My own three kids got through the public schools in suburban Connecticut before their complete breakdown and my grandchildren are in private schools which cost their parents almost $20,000 a year. If I had school age kids today and couldn't afford private school, I'd home school. No way would I send my kids to a public school.

I went to a Catholic grammar school run by the Sisters of Charity. They took a kid who couldn't speak a word of English and for eight years filled my head with reading, grammar, poetry, writing and 'rithmetic along with civics, geography, history and all the rest. High school and college were a breeze thanks to those sainted nuns and their no-nonsense teaching methods.

Granted that was over 50 years ago and I can't speak to what kind of an education a kid gets in today's parochial schools, but I would find it hard to believe they aren't far better than the moribund public schools.

Posted by: erp at June 18, 2005 4:40 PM

erp: so, just to be clear -it's the fault of teachers' unions that our moribund public schools are so pitiful?

silly me, i thought if you fail to fund an institution and pay the people who work there paupers' wages, that would actually do the choking.

there are all manner of alternatives to public education in this, the land of unlimited choice, and from what i can gather parochial school does prepare one well for higher education.

my personal feeling about the matter is that, in the absence of a real commitment to prioritize education at the federal, state, and local level, and to make the teaching profession a well-paid and respected one, the home school route is the way to go.

that, and all home schoolers should get tax credits for every dime they spend educating their kids.

Posted by: lonbud at June 19, 2005 1:55 AM

lonbud:

No, it's our own fault for letting public educators wreck the schools.

Posted by: oj at June 19, 2005 8:12 AM

We spend way too much on education.

Posted by: David Cohen at June 19, 2005 10:01 AM

we spend too much on everything--happens when you're rich.

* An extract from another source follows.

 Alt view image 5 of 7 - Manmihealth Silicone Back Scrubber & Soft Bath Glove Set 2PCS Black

Posted by: oj at June 19, 2005 10:06 AM

oj,

It was the politicians who wrecked the schools by acceding to parental demands, especially by members of certain ethnic minority groups that are at the bottom of the American economic ladder, that standards be eliminated. I can assure you that nobody on the Engineering, Science and Math faculties at CUNY wanted 'open admissions.'

We do spend too much on education but it isn't the teachers who get the cash. Most of the pelf goes to administrators and bureaucrats, a whole army of coordinators, counselors and other human detritus. And the biggest waste of money is 'special education' but then the pro-lifers here would object to how I would deal with that.

Posted by: bart at June 19, 2005 10:45 AM

Voters didn't ask that schools spend more money and raise property taxes. Unionsa run the schools. Break them and you can save public education, though there's no reason to bother.

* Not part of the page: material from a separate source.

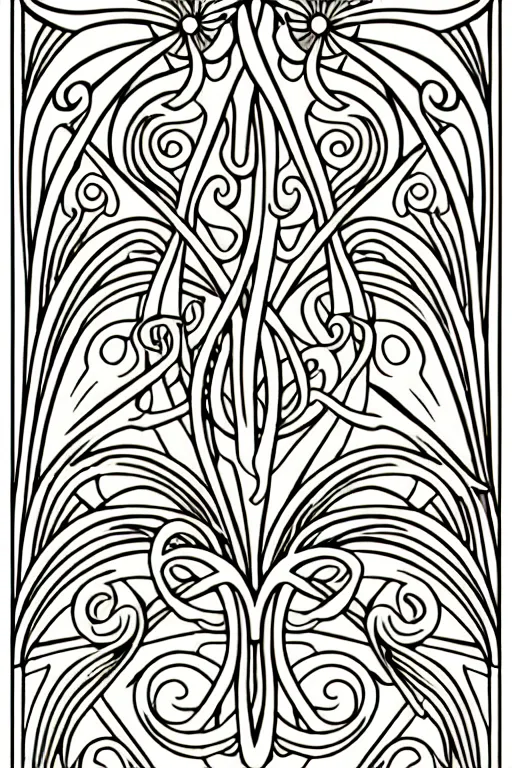 Image similar to vector images, art nouveau border designs, smooth lines, strong outline, coloring book outline, flowers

Posted by: oj at June 19, 2005 10:50 AM

Well, let's put it this way: I sent my kids to our excellent public schools, and they all got much better educations than I did.

Posted by: Harry Eagar at June 19, 2005 4:07 PM

Ah, still don't believe Galileo?

Posted by: oj at June 19, 2005 5:39 PM

Had to unlearn that Borromeo was right, which is how we were taught.

I should write a book: 'Everything I Know I Learned after I Escaped the Sisters of Mercy'

Posted by: Harry Eagar at June 19, 2005 11:15 PM

Harry:

No one doubts that your current level of education is a function of your post-Church years.

Posted by: oj at June 19, 2005 11:18 PM

I can tell OJ's been waiting to use that line.

Posted by: Matt Murphy at June 20, 2005 3:42 AM

My son just finished his first year at a parochial school here in St. Louis. Tuition is approximately $3600 per year. When my daughter starts the incremental cost will be another $1000 per year. The education he is receiving is outstanding. As of the end of kindergarten he can read, he's learned some Spanish and Italian, intro astronomy,etc., not to mention the religious instuction. There is no comparision to the "free" city schools.